Julia O’Toole at MyCena Security Solutions explains why it is essential for business leaders to be in control of their data
“Employees are the weakest link in cyber-security”. You hear this statement every day in the cyber-world. It basically means that insecure actions taken by employees are the leading cause of cyber-breaches.
But is it fair?
In the physical world, employees rightfully expect to work in a safe environment, set by industry standards and regulations for buildings, factories and lifts. However, when extending the workplace to the digital world, this expectation has been forgotten.
The pivotal moment was when companies started letting their employees make their work passwords to access their digital systems and data. In this process, the responsibility of security in the workplace went from the employer to their employees. As a result, organisations lost control over the fate of their own access and by extension, of their own data.
A boon for criminals
For criminals, that switch was a boon. With every employee, from contractor to cleaner, holding the passwords to access their networks, their surface of attack was immense and made every employee a prime target for cyber-attacks. Having so many people to steal from, attackers no longer needed to hack in. In over 82% of breaches, they find someone’s keys to log in.

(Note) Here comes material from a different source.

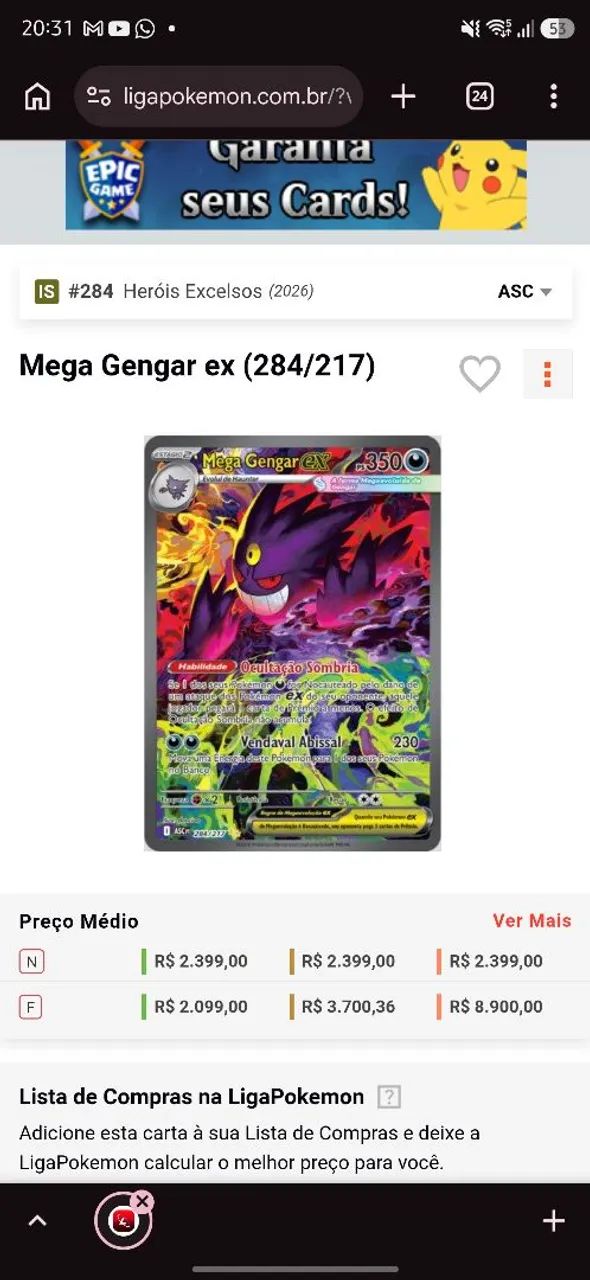 Mega Gengar EX (284/217) - Foto 5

However, who do you think should take the blame for the breach? The employees for getting their passwords stolen? Or the employer for letting employees make the keys to their business?
No training can make the workplace safe
Employees can argue it is their organisation’s responsibility to provide them with security in the workplace. However, this is impossible since organisations lost control of their access and depend on no one making a mistake.
With the odds set against the organisation, all the annual awareness training, phishing training and password policies training deliver little result. New AI generated phishing content that can mimic peoples’ voice, image, behaviour, tone. Using tools like ChatGTP will make it even more difficult to distinguish between legitimate and phishing emails.
Unsafe workplaces impact employees’ personal life
Employees can also argue they are not paid to work in security yet carry the mental burden of creating and remembering passwords, and the stress of getting fired if they make a password error or fall victim of a phishing attack.
They also carry the risk, since most people use the same or similar passwords for work and personal accounts, that a password phished at work leads to identity theft and personal financial loss.
Corporate cyber-security: from bad to worse
With over 4 out of 5 breaches caused by human errors, many organisations have turned to tools such as Single Sign-On, Identity Access Management or Privileged Access Management Tools to ease the mental load on employees.
However, these tools don’t save them from human errors, as companies still don’t control their own access. In fact, with master passwords being just as easy to steal, they simply increase the odds of losing everything for the company.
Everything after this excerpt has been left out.